* Action item
Repeat all of the data word for word so that only the pictures are missing from the copy.

* Data to examine
++++++
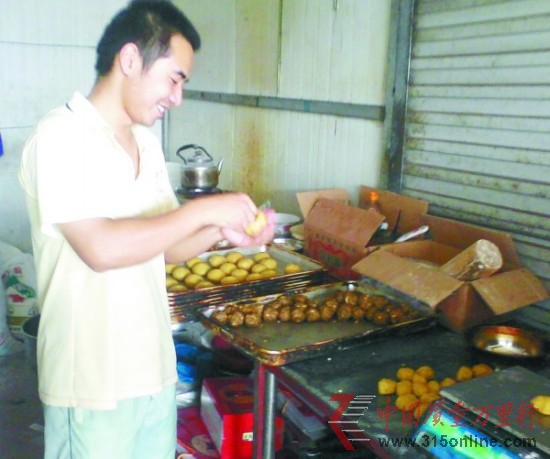 小作坊內(nèi)又臟又亂,面團(tuán)直接放在電子秤上稱(chēng)重 。 小作坊內(nèi)又臟又亂,面團(tuán)直接放在電子秤上稱(chēng)重 。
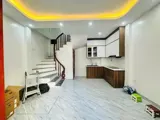 Hiếm Có! Trung Tâm Ba Đình - 80M² Nhà 3 Tầng - Cách Phố 70M, Gần Ô Tô Xách Valy Vào Ở Ngay/ - Ảnh 3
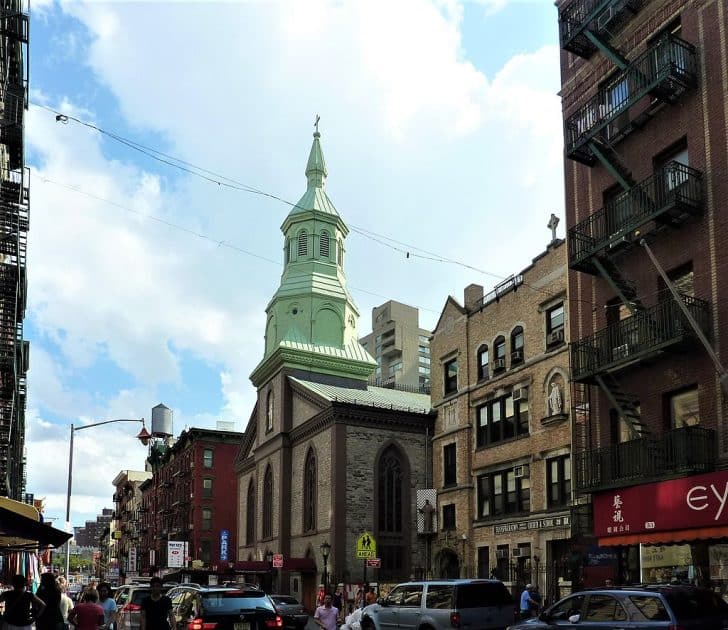 Qué ver en Manhattan Iglesia de la Transfiguración en Chinatown. Foto de Chris06, CC BY SA 4.0 Qué ver en Manhattan Iglesia de la Transfiguración en Chinatown. Foto de Chris06, CC BY SA 4.0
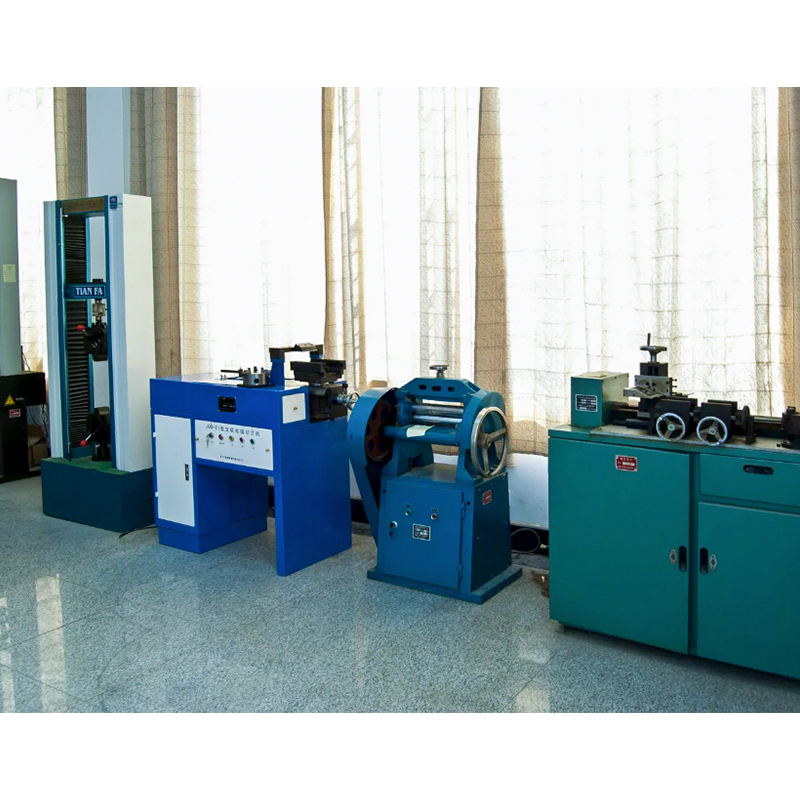 Sreang agus Cábla Inslithe Polaileifín Trasnasctha le Voltas Rátaithe Suas Go dtí Agus 450/750V san áireamh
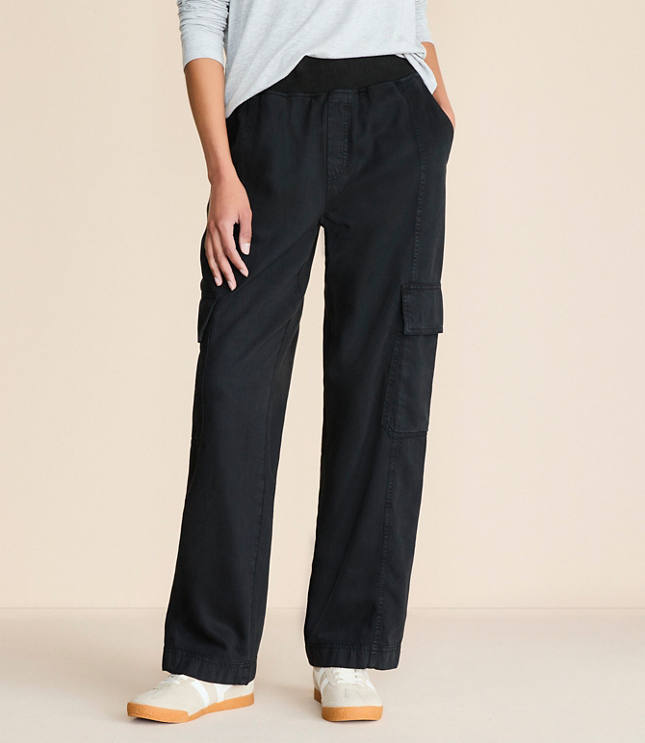 Lou & Grey Straight Leg Cargo Pants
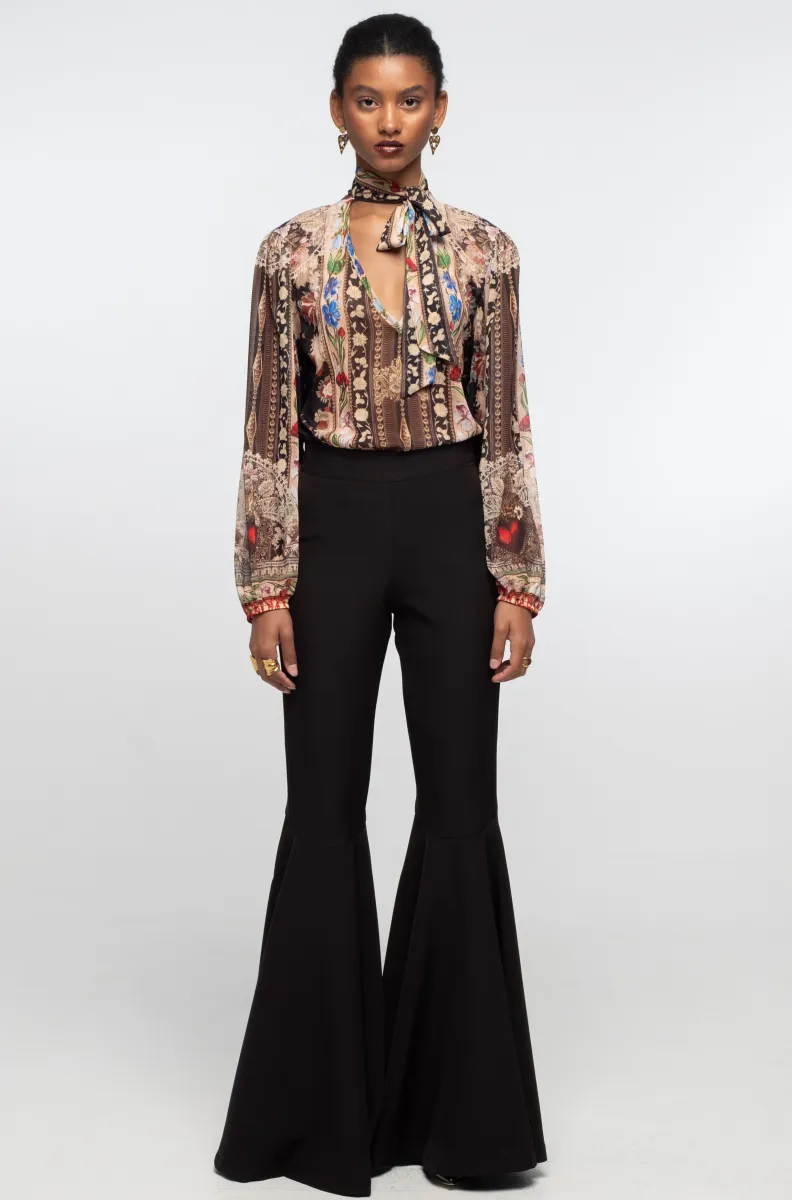 γυναικείο διάφανο πουκάμισο με διάφορα σχέδια από την peace and chaos, opulence top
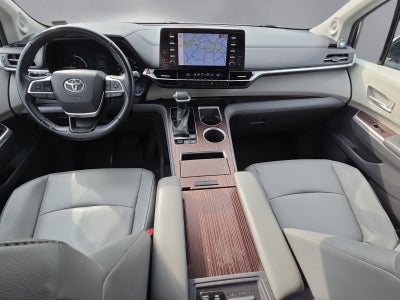 2022 Toyota Sienna XLE 8 Passenger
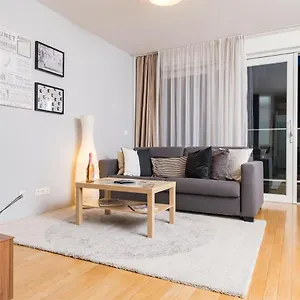 Kaiser Loft By Ichbucheat Wien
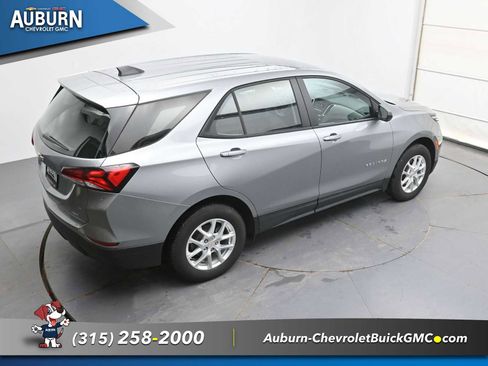 Used 2023 Chevrolet Equinox LS AWD/4WD image 32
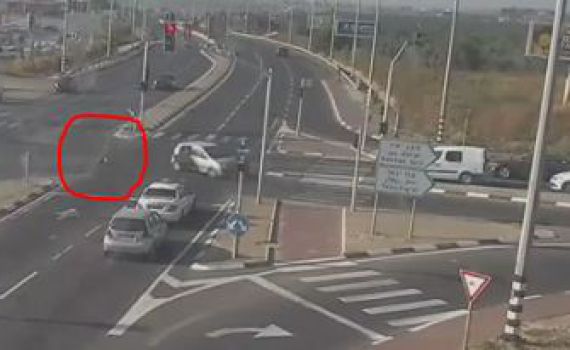 צפו: ילד שלא היה חגור עף מהרכב באמצע נסיעה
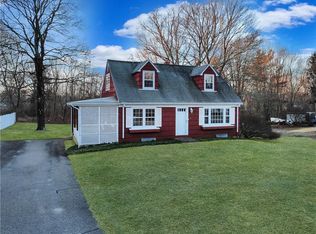 5 Maple Ct, Ashaway, RI 02804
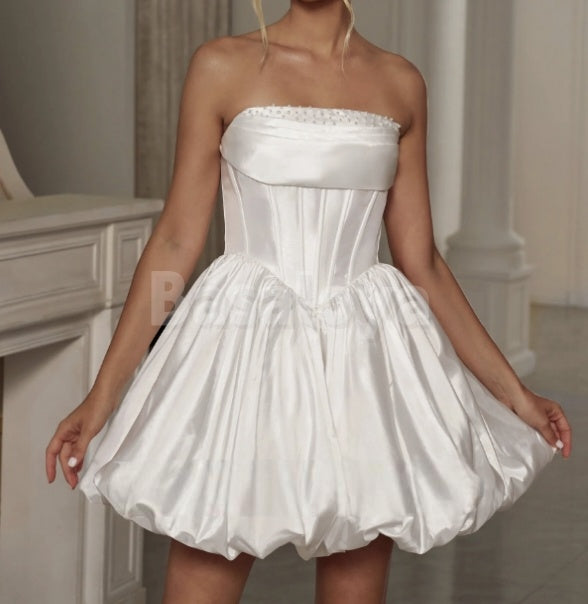 WD0032 Cute Off-Shoulder A-Line Bubble Mini Wedding Dress with Pearls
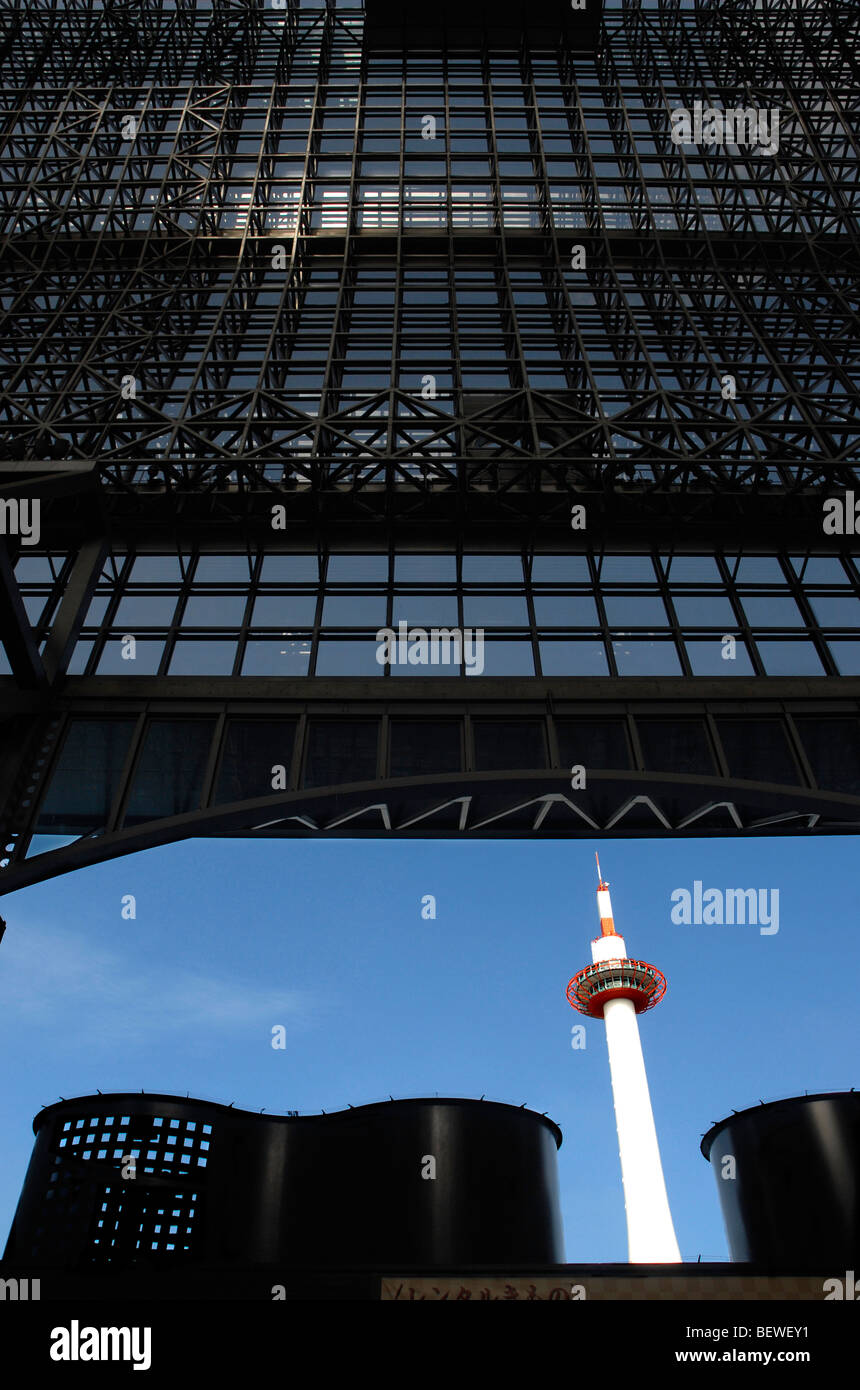 Kyoto Tower In Kyoto, Japan Stockfoto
++++++
* Exercise response
 小作坊內(nèi)又臟又亂,面團(tuán)直接放在電子秤上稱(chēng)重 。 小作坊內(nèi)又臟又亂,面團(tuán)直接放在電子秤上稱(chēng)重 。
 Hiếm Có! Trung Tâm Ba Đình - 80M² Nhà 3 Tầng - Cách Phố 70M, Gần Ô Tô Xách Valy Vào Ở Ngay/ - Ảnh 3
 Qué ver en Manhattan Iglesia de la Transfiguración en Chinatown. Foto de Chris06, CC BY SA 4.0 Qué ver en Manhattan Iglesia de la Transfiguración en Chinatown. Foto de Chris06, CC BY SA 4.0
 Sreang agus Cábla Inslithe Polaileifín Trasnasctha le Voltas Rátaithe Suas Go dtí Agus 450/750V san áireamh
 Lou & Grey Straight Leg Cargo Pants
 γυναικείο διάφανο πουκάμισο με διάφορα σχέδια από την peace and chaos, opulence top
 2022 Toyota Sienna XLE 8 Passenger
 Kaiser Loft By Ichbucheat Wien
 Used 2023 Chevrolet Equinox LS AWD/4WD image 32
 צפו: ילד שלא היה חגור עף מהרכב באמצע נסיעה
 5 Maple Ct, Ashaway, RI 02804
 WD0032 Cute Off-Shoulder A-Line Bubble Mini Wedding Dress with Pearls
 Kyoto Tower In Kyoto, Japan Stockfoto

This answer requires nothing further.